L’acquacoltura destinata a diventare protagonista dell’impresa globale per raggiungere la sicurezza alimentare

Mariella Ballatore by Mariella Ballatore
25 Agosto 2015
in Pesca

La sicurezza alimentare è definita dalla Food and Agriculture Organization delle Nazioni Unite (FAO) come la condizione in cui “tutte le persone, in ogni momento, hanno accesso fisico ed economico a sufficiente cibo, sicuro e nutriente per soddisfare le loro esigenze dietetiche e preferenze alimentari per una vita attiva e sana”.
Allo stato attuale, secondo il report The State of Food Insecurity in the World 2015, la FAO stima che 795 milioni di persone nel mondo sono cronicamente sottoalimentate. Più di un miliardo di persone fa affidamento sul pesce come fonte primaria di proteine animali, e le previsioni indicano che questa domanda continuerà a crescere.
Così la FAO guarda all’acquacoltura, il settore alimentare in più rapida crescita nel mondo, per fornire una soluzione.

Al forum intergovernativo a livello mondiale su pesca e aspetti dell’acquacoltura che si è tenuto nel giugno dello scorso anno, José Graziano da Silva, Direttore Generale della FAO, ha dichiarato che la pesca e l’acquacoltura rappresentano un “contributo fondamentale per la sicurezza alimentare”, ma ha avvertito che “la pesca eccessiva, l’inquinamento e il cambiamento climatico, stanno mettendo il settore a rischio “.
Attualmente, il mondo produce 160 milioni di tonnellate di pesce all’anno, ma il Vice Direttore Generale della pesca e dell’acquacoltura del Dipartimento della FAO, Árni Mathiesen, dice che, secondo le proiezioni OCSE-FAO, i consumi cresceranno fino a 260 milioni di tonnellate entro il 2030.
“Per ottenere questo risultato abbiamo bisogno di produrre più pesce,” ha detto ” e l’acquacoltura è la via giusta per affrontare la sfida di colmare il divario di 100 milioni di tonnellate.”

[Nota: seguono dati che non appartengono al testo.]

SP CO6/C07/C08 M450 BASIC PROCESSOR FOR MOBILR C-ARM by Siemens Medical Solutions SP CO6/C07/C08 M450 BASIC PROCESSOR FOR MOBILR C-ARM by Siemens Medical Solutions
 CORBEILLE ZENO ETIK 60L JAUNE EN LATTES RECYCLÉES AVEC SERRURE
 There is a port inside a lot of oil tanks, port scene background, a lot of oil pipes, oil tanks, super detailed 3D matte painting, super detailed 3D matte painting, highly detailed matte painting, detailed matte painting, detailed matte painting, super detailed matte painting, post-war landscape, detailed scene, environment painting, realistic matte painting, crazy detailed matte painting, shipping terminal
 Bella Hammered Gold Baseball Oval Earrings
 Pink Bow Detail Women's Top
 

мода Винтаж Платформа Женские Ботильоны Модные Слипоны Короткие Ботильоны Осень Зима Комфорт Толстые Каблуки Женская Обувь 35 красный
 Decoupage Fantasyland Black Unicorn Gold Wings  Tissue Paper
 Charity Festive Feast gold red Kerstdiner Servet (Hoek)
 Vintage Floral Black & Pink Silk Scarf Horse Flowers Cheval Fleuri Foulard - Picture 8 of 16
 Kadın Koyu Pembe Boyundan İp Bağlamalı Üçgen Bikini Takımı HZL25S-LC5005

Stando ai tassi di crescita attuali, l’acquacoltura potrebbe produrre altri 50 milioni di tonnellate di pesce all’anno, mentre la cattura selvaggia ha la possibilità di aumentare solo di 10-20 milioni di tonnellate all’anno. Tuttavia, Mathiesen avverte che questo risultato sarà possibile solo con soluzioni di acquacoltura sostenibile, in grado di reagire bene alle inevitabili sfide del cambiamento climatico.
Quindi, l’acquacoltura è sostenibile?
“Dal punto di vista ecologico, l’acquacoltura non va molto bene rispetto ai sistemi alimentari di proteine animali terrestri”, dice Mathiesen. “I fatti dimostrano che ci sono meno vincoli ambientali alla produzione di pesce sostenibile dell’acquacoltura rispetto ad altre forme di proteine”.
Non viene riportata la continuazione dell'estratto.